Positron emission tomography/computed tomography (PET/CT) has been explored as an alternative to or modality to be combined with MRI for the localization of corticotroph adenomas. 18Fluoro-deoxy-glucose PET/CT has a limited role in the diagnosis of CD, but corticotropin-releasing hormone (CRH) stimulation can increase its success rate [5]. 11C-methionine can permit more accurate localization of primary lesions [6]. PET/CT using the somatostatin analog 68gallium-DOTATOC (68Ga-DOTATOC) has shown good efficacy in the accurate localization and assessment of the functional status of neuroendocrine tumors (NETs), providing good resolution and spatial orientation. Although corticotropic adenomas express somatostatin receptors (SSTRs), the performance of 68Ga-DOTATOC PET/CT in assessing CD is not well-known [7].

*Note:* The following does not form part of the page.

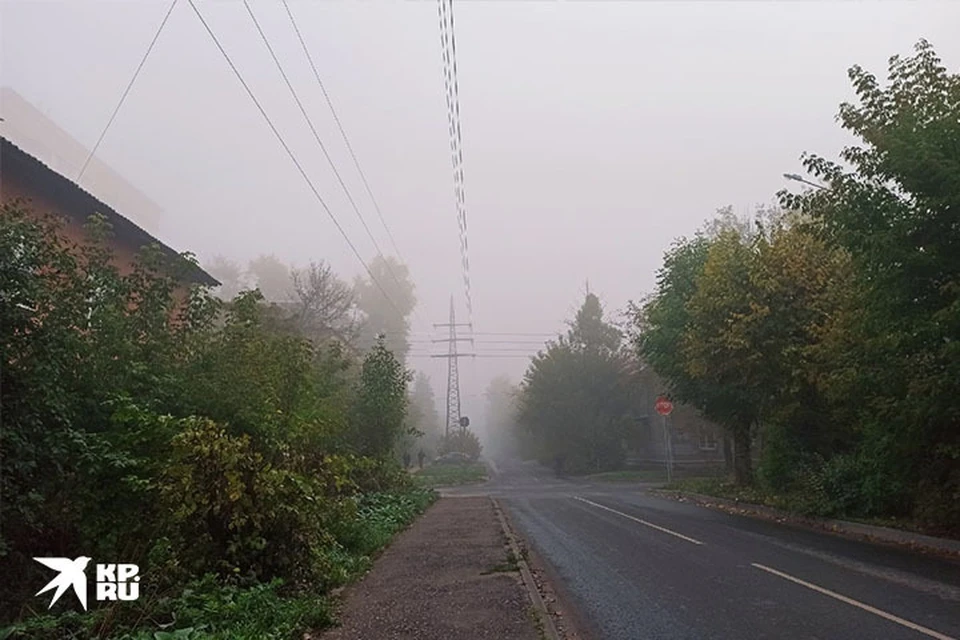 На дорогах Тверской области из-за тумана может ухудшиться видимость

In this study, we focused on the performance of 68Ga-DOTATOC PET/CT as a tool for localizing ACTH-secreting pituitary tumors and tried to determine the patients with CD who would be suitable candidates for the adjunctive use of 68Ga-DOTATOC PET scans.
Subjects
Thirty patients were enrolled in this retrospective study. The patients underwent surgical resection of the pituitary tumor through transsphenoidal adenomectomy (TSA) at Severance Hospital between 2015 and 2019 and had histologically proven CD with positive ACTH immunoreactivity. All patients underwent 68Ga-DOTATOC PET/CT and pituitary MRI before surgery. Bilateral inferior petrosal sinus sampling (BIPSS) was also attempted for all patients, but catheterization was failed in five cases.
The disease diagnosis was based on international criteria [4]. None of the patients were taking glucocorticoids. Moreover, the final diagnosis was confirmed using surgical pathology and clinical follow-up.

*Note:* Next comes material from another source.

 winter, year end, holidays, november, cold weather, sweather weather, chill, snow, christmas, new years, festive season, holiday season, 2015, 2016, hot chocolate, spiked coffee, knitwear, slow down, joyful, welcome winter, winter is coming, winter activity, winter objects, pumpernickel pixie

The data were collected under the conditions of regular clinical care with the approval of the Institutional Review Board of Yonsei University Health System, Severance Hospital, and the requirement for written informed consent was waived owing to our study’s retrospective design (IRB No.4-2020-0414).
Hormonal assessment
Basal plasma cortisol and ACTH levels were measured at 8:00 AM before surgery. The ACTH levels were measured using an electrochemiluminescence immunoassay (Roche Diagnostics, Mannheim, Germany). Cortisol levels and 24-hour urine free cortisol (UFC) were measured by chemiluminescence immunoassay (Beckman Coulter Inc., Brea, CA, USA).
An 8:00 AM plasma cortisol concentration higher than 1.8 µg/dL, after 1 mg dexamethasone had been administered at midnight, was considered a positive result in the overnight dexamethasone suppression test (ON DST) [4,8]. Moreover, a plasma cortisol level reduced by less than 50% of the original level after 6-hourly 2 mg dexamethasone had been administered for 2 days was considered as suppression in the high-dose dexamethasone suppression test (HD DST) [8].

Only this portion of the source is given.